→ The problem
Go through the records and transcribe them exactly, passing over any picture.
====== Dataset records ======
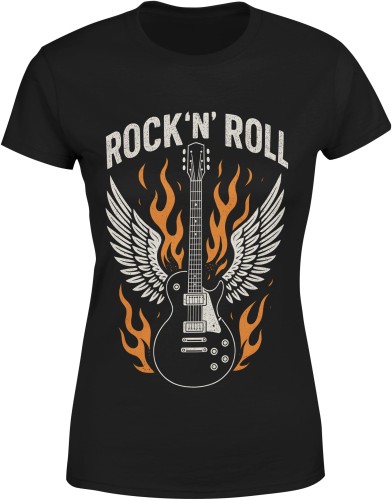 Rock And Roll Damska koszulka color:#000000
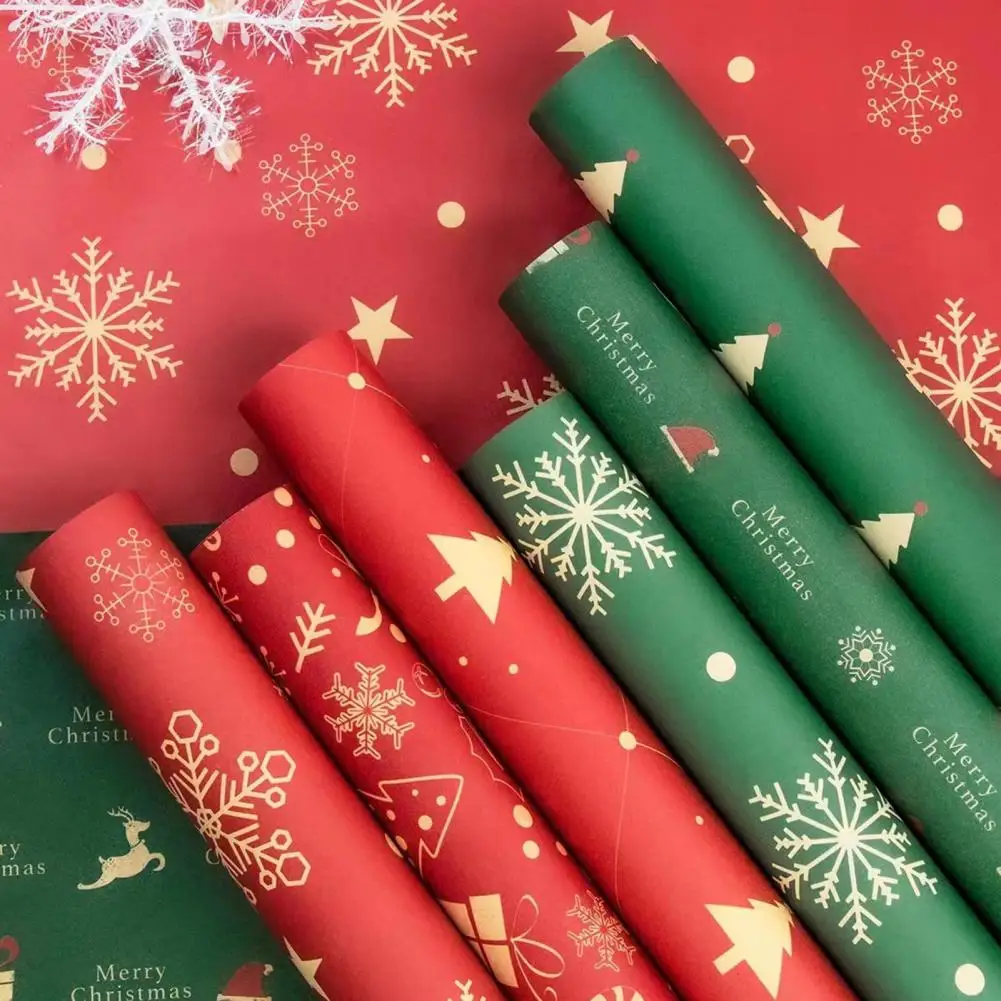 Festive Holiday Gift Wrap Durable Festive Christmas Wrapping Paper Size Xmas Elements Collection For Diy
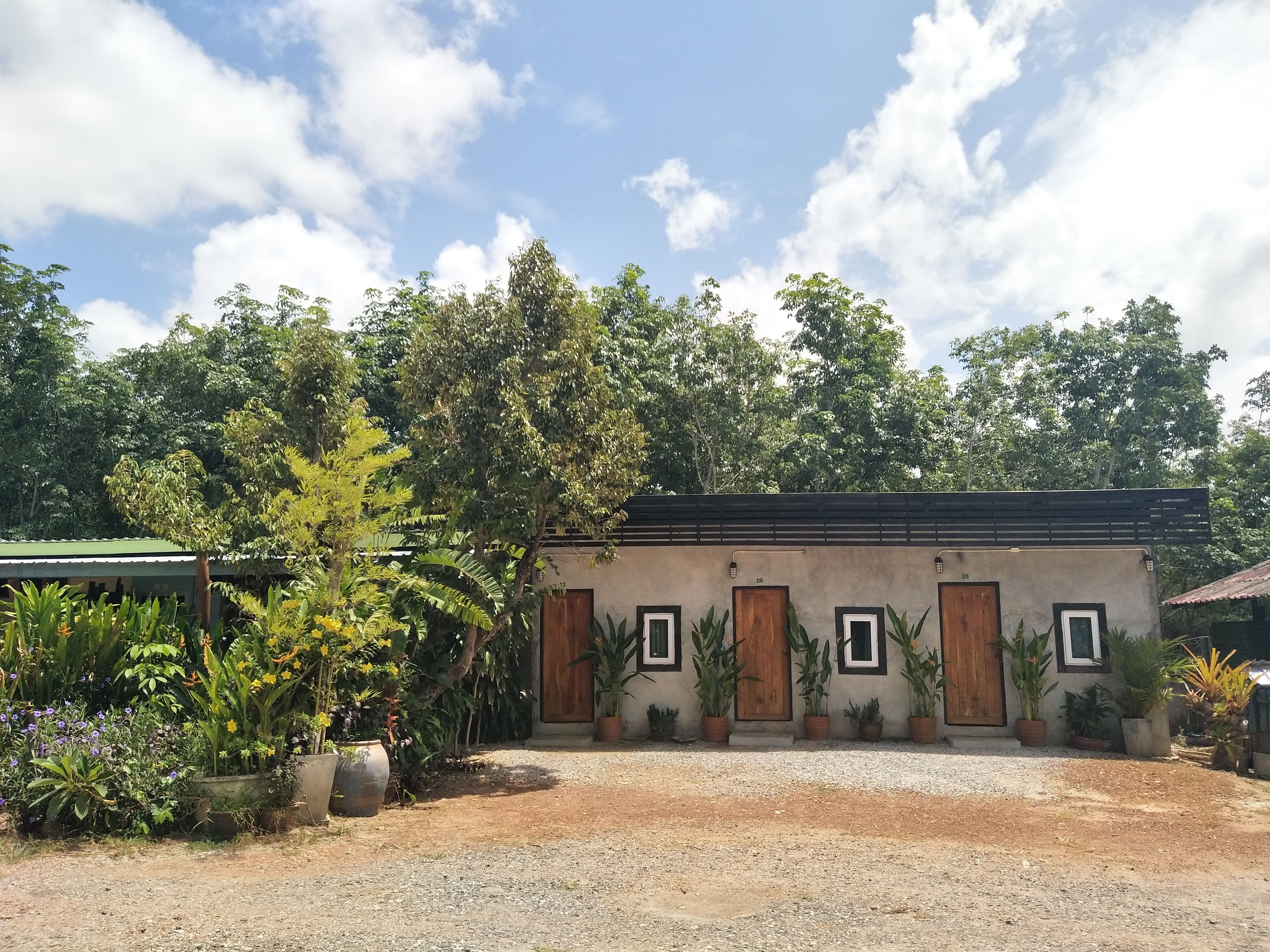 A building with a simple facade, multiple wooden doors, and potted plants in front.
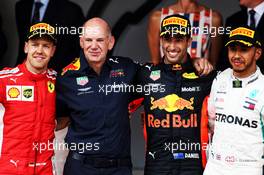 The podium (L to R): Sebastian Vettel (GER) Ferrari, second; Adrian Newey (GBR) Red Bull Racing Chief Technical Officer; Daniel Ricciardo (AUS) Red Bull Racing, race winner; Lewis Hamilton (GBR) Mercedes AMG F1, third. 27.05.2018. Formula 1 World Championship, Rd 6, Monaco Grand Prix, Monte Carlo, Monaco, Race Day.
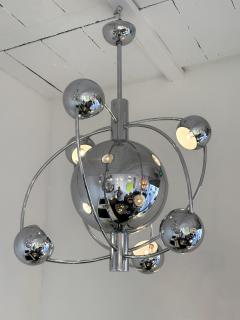 Satellite Sputnik Chandelier Metal Chrome Italy 1970s - 3535449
======
→ Reply to the exercise
 Rock And Roll Damska koszulka color:#000000
 Festive Holiday Gift Wrap Durable Festive Christmas Wrapping Paper Size Xmas Elements Collection For Diy
 A building with a simple facade, multiple wooden doors, and potted plants in front.
 The podium (L to R): Sebastian Vettel (GER) Ferrari, second; Adrian Newey (GBR) Red Bull Racing Chief Technical Officer; Daniel Ricciardo (AUS) Red Bull Racing, race winner; Lewis Hamilton (GBR) Mercedes AMG F1, third. 27.05.2018. Formula 1 World Championship, Rd 6, Monaco Grand Prix, Monte Carlo, Monaco, Race Day.
 Satellite Sputnik Chandelier Metal Chrome Italy 1970s - 3535449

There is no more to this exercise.